• _What you are asked to do_:
When the listing below reaches the line that has "Combined with added", start reproducing exactly; stop after the line that has "This is the ultrasound", and drop the pictures.

• _Provided records_:
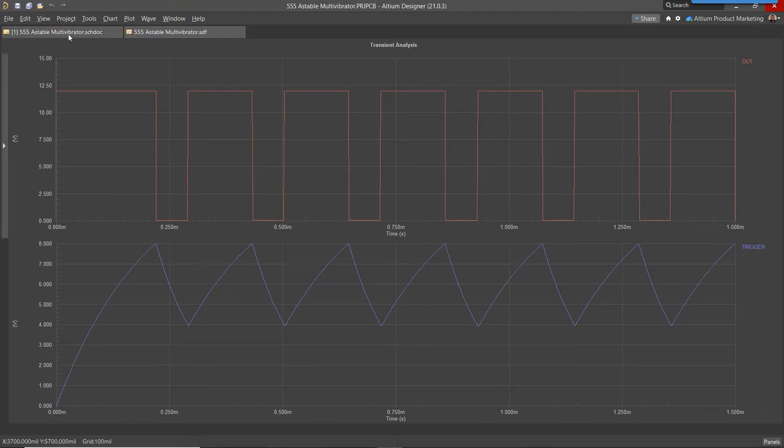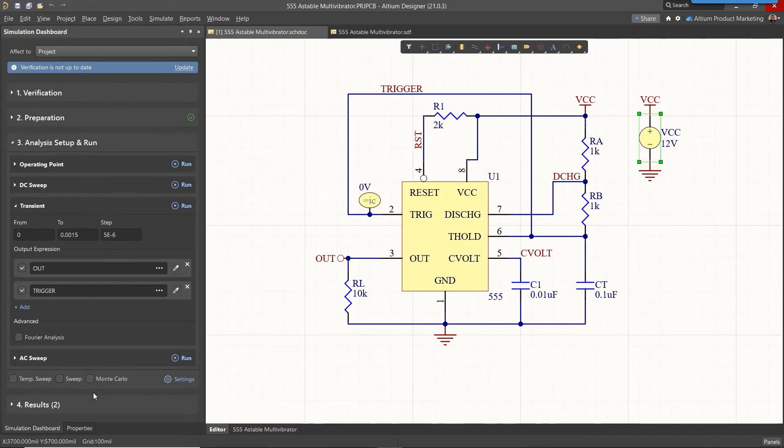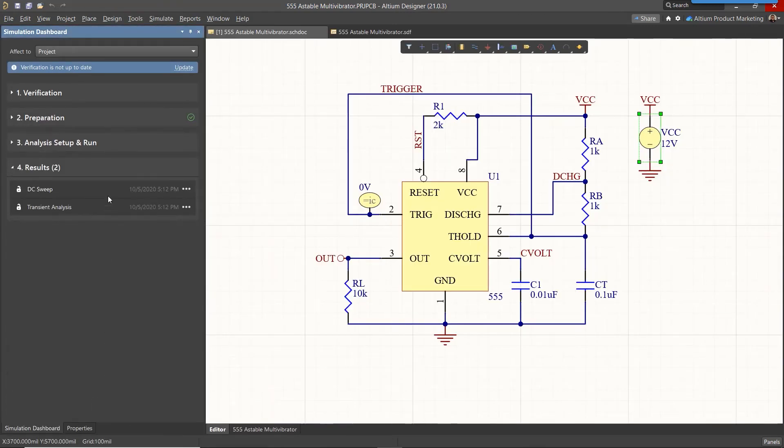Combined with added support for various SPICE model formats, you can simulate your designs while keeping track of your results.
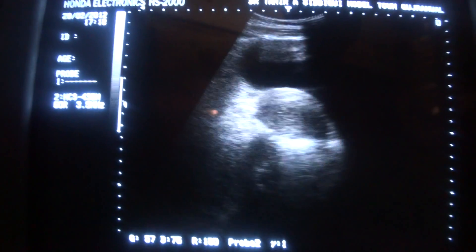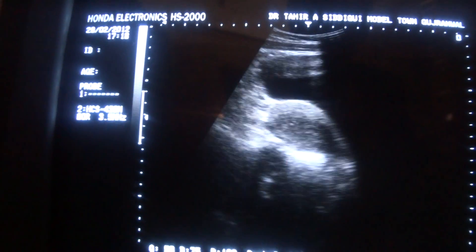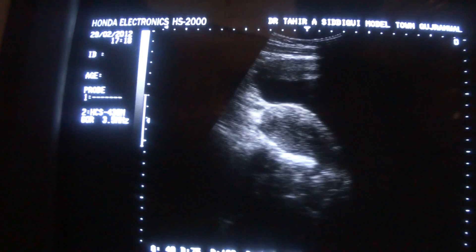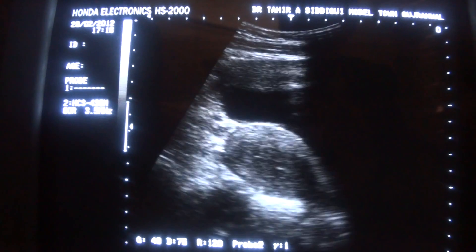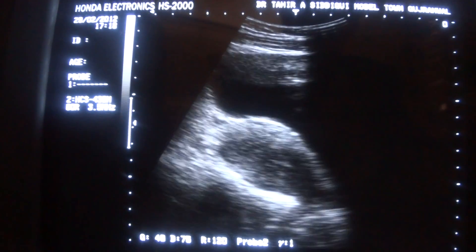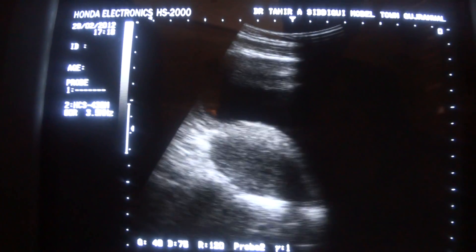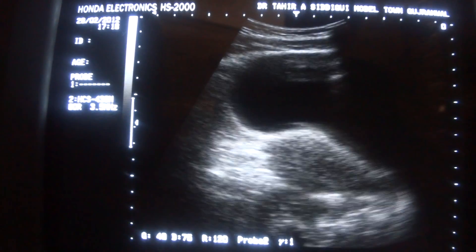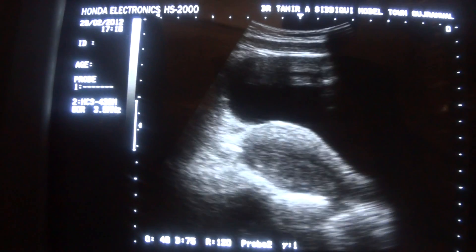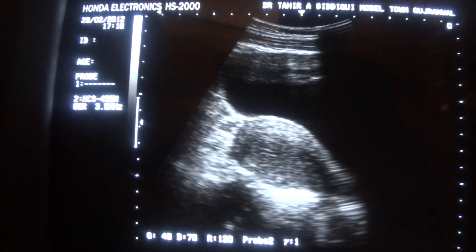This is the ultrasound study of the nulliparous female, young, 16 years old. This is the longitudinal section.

--

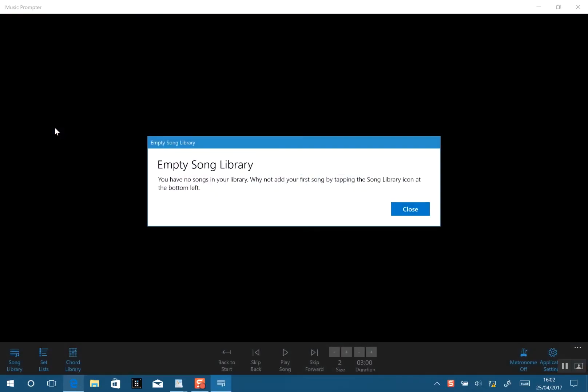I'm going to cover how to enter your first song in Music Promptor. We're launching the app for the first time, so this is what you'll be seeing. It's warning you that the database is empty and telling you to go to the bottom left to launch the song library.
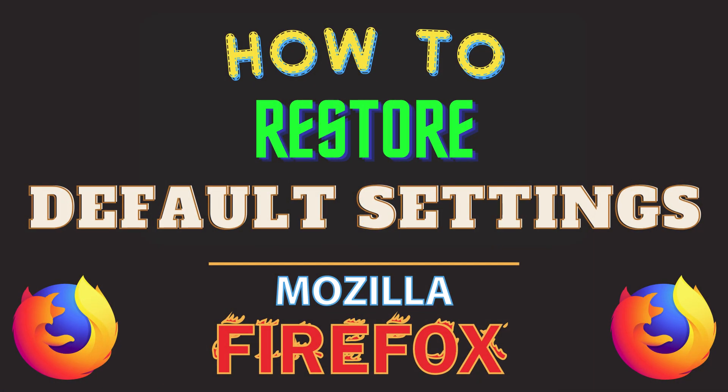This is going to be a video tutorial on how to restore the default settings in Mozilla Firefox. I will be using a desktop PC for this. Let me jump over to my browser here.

• _Response for this exercise_:
Combined with added support for various SPICE model formats, you can simulate your designs while keeping track of your results.
This is the ultrasound study of the nulliparous female, young, 16 years old. This is the longitudinal section.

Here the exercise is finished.